Gregory Warner: 20:00 He worked for the subway most of his life.

Bryon Frowner: 20:02 Now, I consider myself a science researcher.

Gregory Warner: 20:07 At 71 years old, he's basically teaching himself-

Bryon Frowner: 20:10 Quantum physics. That's what all the books and stuff you see around. I love that stuff.

Gregory Warner: 20:15 He's written this book called-

Bryon Frowner: 20:16 Einstein's Error.

Gregory Warner: 20:18 Criticizing special relativity, Einstein-

Bryon Frowner: 20:21 I sent it to the New York academy of scientists, Caltech, MIT, Harvard, Steven Hawkins. Still waiting for him to get back.
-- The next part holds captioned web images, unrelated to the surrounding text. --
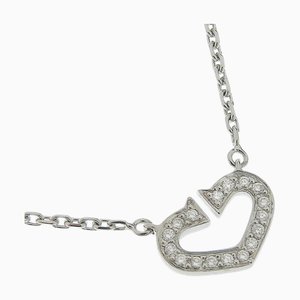 CARTIER C Heart B7008300 K18 White Gold x Diamond Women's Necklace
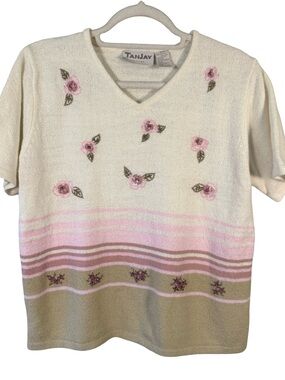 TanJay Petites Cream Floral Embroidery Knit Top Size MP Cottagecore Vintage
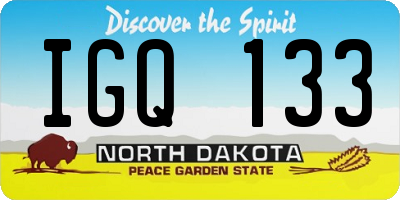 ND license plate IGQ133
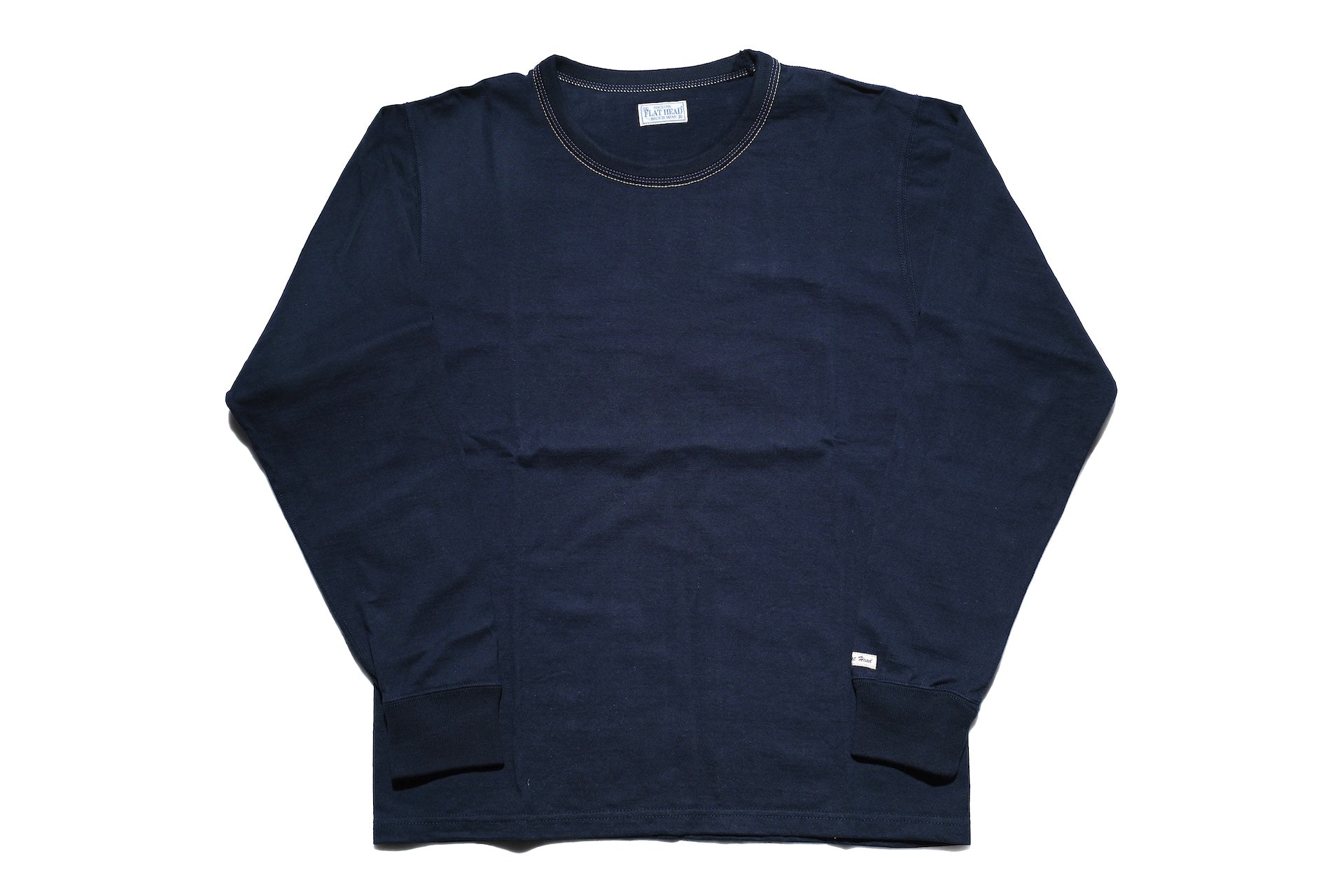 The Flat Head 9oz Loopwheel L/S Plain Tee (Navy)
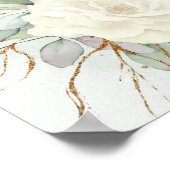 White Roses Greenery Alphabetical Seating Chart ポスター (角)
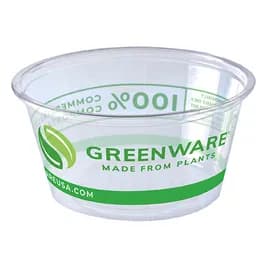 Greenware® Souffle & Portion Cup 2 OZ PLA Clear Stock Print Round 2000/Case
Gregory Warner: 20:28 Most people just ignore him.

Bryon Frowner: 20:29 These are the ravings of a maniac.

Gregory Warner: 20:31 Then he points to this letter on the wall from-

Bryon Frowner: 20:33 Neil Degrasse Tyson.

Gregory Warner: 20:35 I know that name.

Gregory Warner: 20:36 This major scientist.

Robert Krulwich: 20:37 Yes. The head of the Hayden Plantarium in Manhattan.

Gregory Warner: 20:40 Exactly, yeah. It says-

Bryon Frowner: 20:41 How dare you. You're just an engineer.

Gregory Warner: 20:46 And he's beaming.

Robert Krulwich: 20:47 Why?

Gregory Warner: 20:48 Why do you smile when you talk about that letter from Neil Degrasse Tyson?

Bryon Frowner: 20:52 Because I know how foolish it is. Einstein, they didn't even want to read his paper. They said, "Who is this guy, upstart, he's just a patent examination clerk in Bern"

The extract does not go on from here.